Ever since I was asked by a former manager to “build” a mosso.com type system, I have been intrigued by exactly how this would be done. My original line of thinking was that it was more of a L7 network implementation, where through the magic of deep packet inspection packets were routed to clusters of machines configured to run PHP, Rails, etc. While this is a feasible approach, I now believe this system would not be nearly as scalable as Mosso has proven to be.
Another approach that could potentially work is a massively distributed context. Imagine if there was a machine that had directories like /code/php/, /code/ruby/, and /code/jsp/ that you could reference from http://machine_ip/php, http://machine_ip/ruby, and http://machine_ip/jsp/ respectively. This would minimize network requirements to keeping track of things like state, for end users accessing applications that require state.

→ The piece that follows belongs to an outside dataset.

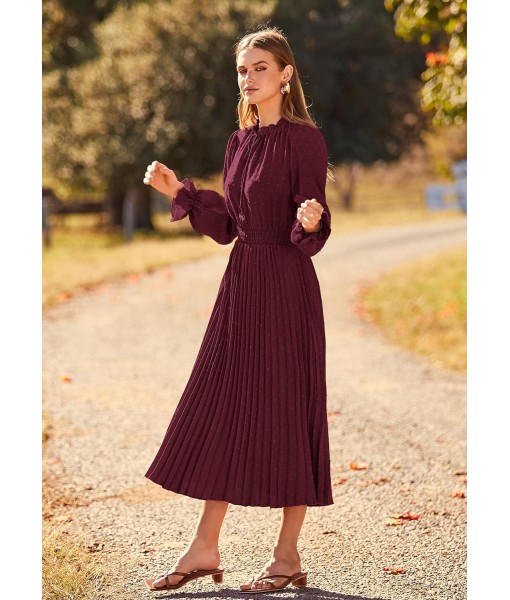 PRETTYGARDEN Women's 2025 Spring Fall Midi Dress Casual Long Sleeve V Neck Swiss Dot Pleated A Line Flowy Dresses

With a little bit of work on the individual stacks, this could potentially be eliminated.
In this theoretical approach, two things would be required:
- a reverse proxy-type setup, bound to port 80/TCP on the IP being accessed
- individual instances of apache, nginx, etc, through which individual language support is provided
- while this particular setup would be more complex in setup, troubleshooting, and upgrading, having this piece allows more flexibility (for example, if rails on apache is undesired, you could run rails on nginx instead with little to no change in the system; likewise, you could also easily change out the Ruby version, etc)

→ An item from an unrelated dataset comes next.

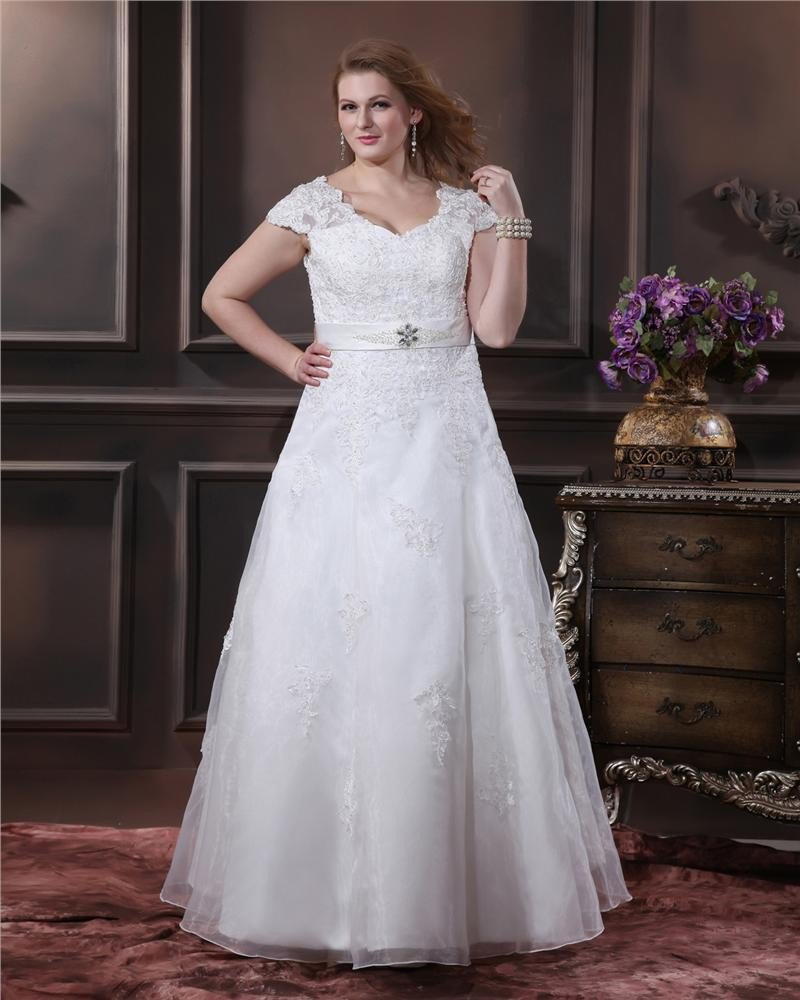 Lace V-Neck Beading Empire Chapel Train Plus Size Wedding Dresses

Potential problems with this approach (since no design is perfect):
- If nginx+rails (or any other app stack+webserver) outperforms the reverse proxy, then we’re introducing an unnecessary bottleneck. In a massive distributed context, this isn’t a big deal.
- Many more webservers and environments to maintain, much more complex. Since this is meant to be baked in as a machine image (think AMI on AWS’s EC2), this complexity can mostly be hidden from users of the server.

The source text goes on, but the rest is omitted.